Presumably, the other two “primary canonical duties” could be delegated on a case by case basis.
These are the bishops who have agreed to this role:
The eight are active diocesan bishops Frank Brookhart of Montana, Dorsey Henderson of Upper South Carolina (based in Columbia, S.C.), John Howe of Central Florida (based in Orlando), Gary Lillibridge of West Texas (based in San Antonio), Michael Smith of North Dakota, James Stanton of Dallas, and Geralyn Wolf of Rhode Island, together with retired Connecticut Bishop Clarence Coleridge.
There will, I’m sure, be intense discussion about these bishops. Two names stand out to me. The first is Bishop Geralyn Wolf of Rhode Island. She has participated in the meetings of the “Windsor Bishops” in Texas, and so would have credentials for some. At the same time, some of those bishops most vocal about a need for alternative oversight are also those who do not believe a woman ought to be ordained in any order.
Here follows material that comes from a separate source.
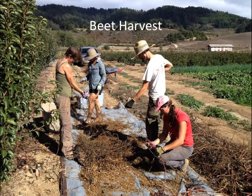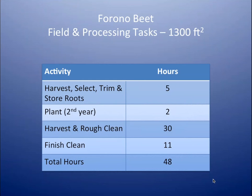Another crop I grew also in Pescadero was a beet crop — we were just harvesting here. These growers couldn't find a cylindrical beet called Ferrono in the catalogs; it had disappeared. I said, well, you can grow your own, and they didn't know they could, but they did. They selected roots and planted them along a hedge of fruit trees — about 1,300 square feet, so just about that experimental unit size — with about 75 plants. Same thing: I monitored how many hours were spent storing, selecting, trimming roots, planting the second year, then harvesting and rough cleaning and final cleaning.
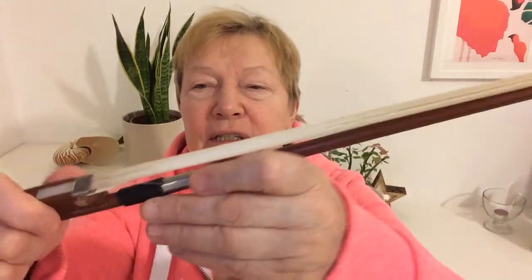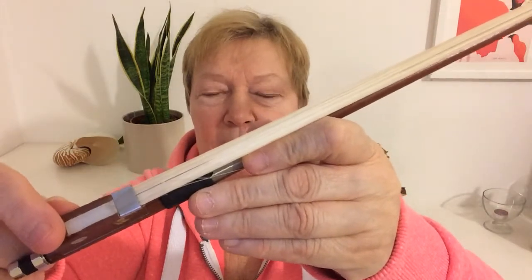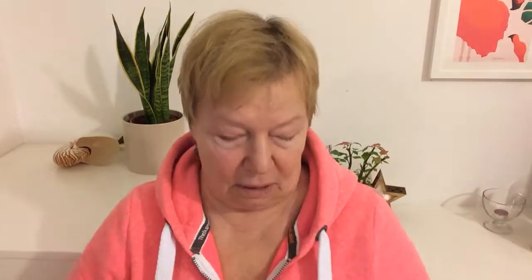After some time of practice, you will notice that it tends to accumulate near the frog — this area. With time, this area will stop generating sound because of a buildup of grease from your hand and rosin.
Second, and perhaps more surprising, is the name of Bishop Stanton of Dallas. He has been a Network bishops from the beginning. At the same time, he has not moved in lockstep with other Network actions. Most critically, he has distanced himself from the requests for “alternative pastoral oversight.” Rather, he requested a “direct pastoral relationship” with Canterbury. In his address to the 2006 diocesan convention, he said,
“"Separation is not a strategy.... Those who are thinking about departing from the church are fulfilling, not Christ's call, but the world's expectations about the church — that we really cannot get along, even with each other."
His agreement to serve as an “episcopal visitor” would seem to bear that out in concrete terms.
Finally, we can note that this is in line with Designated Episcopal Pastoral Oversight (DEPO). DEPO has been approved by the House in the past, and has been recognized – arguably, endorsed – in the Windsor Report. So far it appears to have worked where both parties were willing to accept it. Providing a more formal structure for that might make it more attractive to those with some lingering concerns.
There will be a lot to talk about over the next few days, some things newsworthy, and some not. This is an interesting note on which to start.